Syncing a R2 bucket to GitHub repo

For Workers & Pages, what is the name of the domain?

What is the error number?

no error, suggestions on design requested

What is the error message?

no error

What is the issue or error you’re encountering

Best way to solve the synchronization between R2 and GitHub

What steps have you taken to resolve the issue?

 I have a math website interactablemath.org (still small and starting out) and I want to move the static files to Cloudflare. The static files consist of both static code (js/css) and binaries (mp3, some images, pdf, a few tiny mp4 <60MB). The static code is in a public GitHub repo and the binaries are in another private Github repo. What I want to do is have the R2 buckets update automatically every time there is a commit on the repo. In other words to delete or update or add files in R2. The R2 buckets would not contain the repository but just a collection of the latest files checked in from the repo. My thoughts are that I can do this with GitHub actions, a YAML file with CF API secret tokens and r2-upload-action. Since I plan to serve the R2 buckets from a custom subdomain publicly, I think I don’t need Cloudflare workers. Is this a good approach or is there a better way? I’m surprised that no one has published the code for this and when I get it working I will put out the code for it to save others the effort. Thanks for your insights!

What are the steps to reproduce the issue?

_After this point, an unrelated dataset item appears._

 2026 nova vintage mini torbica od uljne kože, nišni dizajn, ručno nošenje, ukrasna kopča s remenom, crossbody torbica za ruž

still in the initial stages of determining best approach

Hello. Are you still encountering this issue? If not, how did you fix it? If so, what have you tried?

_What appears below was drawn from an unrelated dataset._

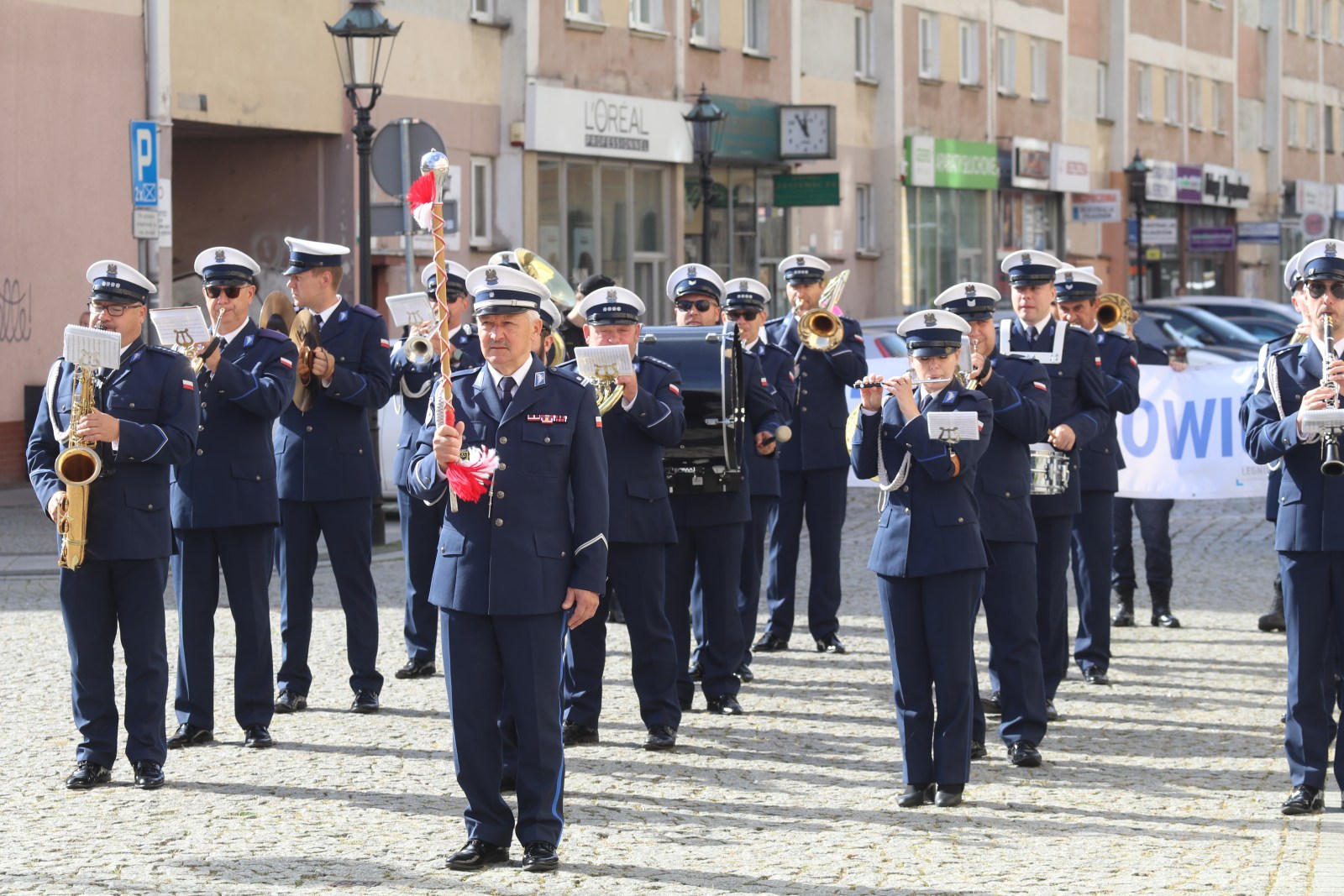 Z różowymi balonami i orkiestrą policyjną maszerowali ku zdrowiu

It seems the Cloudflare solution to synch a R2 storage bin to GitHub is to clone the repository into the R2 bucket. Behind the scenes, I believe the Cloudflare bucket repo is updated on all commits to Github Repo. However, I only need a few files from the repo and only the most recent version. Cloning the entire repo would be a factor of 10 larger than what I need and unnecessary–but I can see that is easier to implement from CF point of view.
I am pursuing writing a YAML file on the Github side that will collect the files that have changed on a commit and r2-upload-action write the new files into my r2 storage bin.
What do you think of this approach?
Am I correct in assuming that once the files are in R2 storage, they will automatically serve from a public subdomain without writing additional Cloudflare workers? Is this considered good standard practice or does it have cybersecurity holes?